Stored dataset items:

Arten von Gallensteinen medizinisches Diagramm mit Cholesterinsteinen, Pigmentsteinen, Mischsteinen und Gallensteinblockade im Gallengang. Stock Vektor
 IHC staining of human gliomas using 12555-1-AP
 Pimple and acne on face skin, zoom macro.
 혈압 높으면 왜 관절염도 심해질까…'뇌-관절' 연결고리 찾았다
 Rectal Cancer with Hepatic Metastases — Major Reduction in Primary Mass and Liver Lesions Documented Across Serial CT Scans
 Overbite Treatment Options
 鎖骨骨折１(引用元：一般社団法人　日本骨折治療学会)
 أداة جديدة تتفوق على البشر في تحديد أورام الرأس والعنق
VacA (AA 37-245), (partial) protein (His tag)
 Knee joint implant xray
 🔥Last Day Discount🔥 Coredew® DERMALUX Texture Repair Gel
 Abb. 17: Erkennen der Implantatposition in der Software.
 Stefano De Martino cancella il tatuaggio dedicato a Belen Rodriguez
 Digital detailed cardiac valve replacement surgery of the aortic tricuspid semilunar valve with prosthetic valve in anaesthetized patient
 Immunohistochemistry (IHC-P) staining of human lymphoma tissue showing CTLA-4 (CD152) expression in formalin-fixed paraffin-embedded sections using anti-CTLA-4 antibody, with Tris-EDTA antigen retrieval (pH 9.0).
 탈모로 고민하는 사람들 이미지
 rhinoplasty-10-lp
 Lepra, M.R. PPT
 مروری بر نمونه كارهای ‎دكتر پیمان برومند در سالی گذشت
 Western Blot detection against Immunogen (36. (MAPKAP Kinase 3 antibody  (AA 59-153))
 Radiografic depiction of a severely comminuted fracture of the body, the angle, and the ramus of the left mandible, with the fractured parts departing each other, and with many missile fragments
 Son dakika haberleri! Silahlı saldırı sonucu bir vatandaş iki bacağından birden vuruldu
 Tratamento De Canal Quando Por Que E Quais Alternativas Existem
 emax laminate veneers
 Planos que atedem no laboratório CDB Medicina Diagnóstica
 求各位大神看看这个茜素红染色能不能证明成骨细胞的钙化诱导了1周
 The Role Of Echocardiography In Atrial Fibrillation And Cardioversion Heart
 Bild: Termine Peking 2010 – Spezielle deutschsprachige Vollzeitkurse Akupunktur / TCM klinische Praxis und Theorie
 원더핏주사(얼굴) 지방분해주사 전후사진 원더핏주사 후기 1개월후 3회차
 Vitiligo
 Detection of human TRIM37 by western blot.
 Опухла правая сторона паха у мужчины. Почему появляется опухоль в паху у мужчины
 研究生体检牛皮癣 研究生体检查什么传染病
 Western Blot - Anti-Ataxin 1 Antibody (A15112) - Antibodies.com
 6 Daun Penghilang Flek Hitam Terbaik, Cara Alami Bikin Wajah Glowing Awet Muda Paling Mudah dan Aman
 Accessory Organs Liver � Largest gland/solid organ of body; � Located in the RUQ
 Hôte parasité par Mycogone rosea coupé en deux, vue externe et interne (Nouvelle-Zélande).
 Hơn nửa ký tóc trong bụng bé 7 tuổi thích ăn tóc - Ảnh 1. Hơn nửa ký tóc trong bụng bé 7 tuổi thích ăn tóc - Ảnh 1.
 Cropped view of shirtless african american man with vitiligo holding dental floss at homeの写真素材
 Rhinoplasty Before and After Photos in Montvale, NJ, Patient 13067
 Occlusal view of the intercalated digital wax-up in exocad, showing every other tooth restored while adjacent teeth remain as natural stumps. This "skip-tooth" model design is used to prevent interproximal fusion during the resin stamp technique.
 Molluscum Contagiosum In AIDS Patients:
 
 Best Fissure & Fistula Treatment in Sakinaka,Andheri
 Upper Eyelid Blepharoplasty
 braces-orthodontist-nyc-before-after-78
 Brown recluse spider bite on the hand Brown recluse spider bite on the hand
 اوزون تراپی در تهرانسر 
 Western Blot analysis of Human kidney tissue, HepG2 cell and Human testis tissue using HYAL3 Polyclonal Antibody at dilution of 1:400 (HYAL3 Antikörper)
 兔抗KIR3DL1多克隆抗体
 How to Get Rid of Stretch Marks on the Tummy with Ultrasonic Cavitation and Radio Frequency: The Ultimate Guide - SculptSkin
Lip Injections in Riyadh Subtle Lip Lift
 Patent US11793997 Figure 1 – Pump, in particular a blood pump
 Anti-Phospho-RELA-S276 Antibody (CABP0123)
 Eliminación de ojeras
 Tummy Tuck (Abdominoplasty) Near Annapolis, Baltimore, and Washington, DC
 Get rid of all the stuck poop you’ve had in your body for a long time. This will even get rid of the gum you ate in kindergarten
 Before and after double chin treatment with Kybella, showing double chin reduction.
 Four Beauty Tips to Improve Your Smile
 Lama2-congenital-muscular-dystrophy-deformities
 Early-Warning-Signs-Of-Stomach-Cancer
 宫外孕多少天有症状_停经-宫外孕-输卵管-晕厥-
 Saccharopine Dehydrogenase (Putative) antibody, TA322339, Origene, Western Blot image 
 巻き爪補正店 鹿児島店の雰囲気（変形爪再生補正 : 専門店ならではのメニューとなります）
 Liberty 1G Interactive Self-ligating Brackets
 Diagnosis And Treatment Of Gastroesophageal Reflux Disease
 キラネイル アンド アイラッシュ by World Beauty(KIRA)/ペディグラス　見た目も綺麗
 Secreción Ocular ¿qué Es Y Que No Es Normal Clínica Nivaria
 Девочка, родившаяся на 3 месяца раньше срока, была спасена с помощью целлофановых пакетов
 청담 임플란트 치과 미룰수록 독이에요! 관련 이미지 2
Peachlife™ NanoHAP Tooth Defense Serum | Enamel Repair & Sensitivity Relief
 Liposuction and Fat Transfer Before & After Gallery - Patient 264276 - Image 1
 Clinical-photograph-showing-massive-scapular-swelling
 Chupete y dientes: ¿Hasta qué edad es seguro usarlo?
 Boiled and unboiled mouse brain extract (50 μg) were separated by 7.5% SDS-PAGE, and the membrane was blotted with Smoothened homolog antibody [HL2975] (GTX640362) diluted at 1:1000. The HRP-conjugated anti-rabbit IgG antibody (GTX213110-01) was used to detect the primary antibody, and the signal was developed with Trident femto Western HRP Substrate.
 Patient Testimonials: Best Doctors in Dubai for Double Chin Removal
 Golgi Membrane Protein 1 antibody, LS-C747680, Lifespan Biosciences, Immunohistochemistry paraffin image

• [Assignment]: Return every line above where "Best" appears.

• [Solution for this problem]:
 Best Fissure & Fistula Treatment in Sakinaka,Andheri
 Patient Testimonials: Best Doctors in Dubai for Double Chin Removal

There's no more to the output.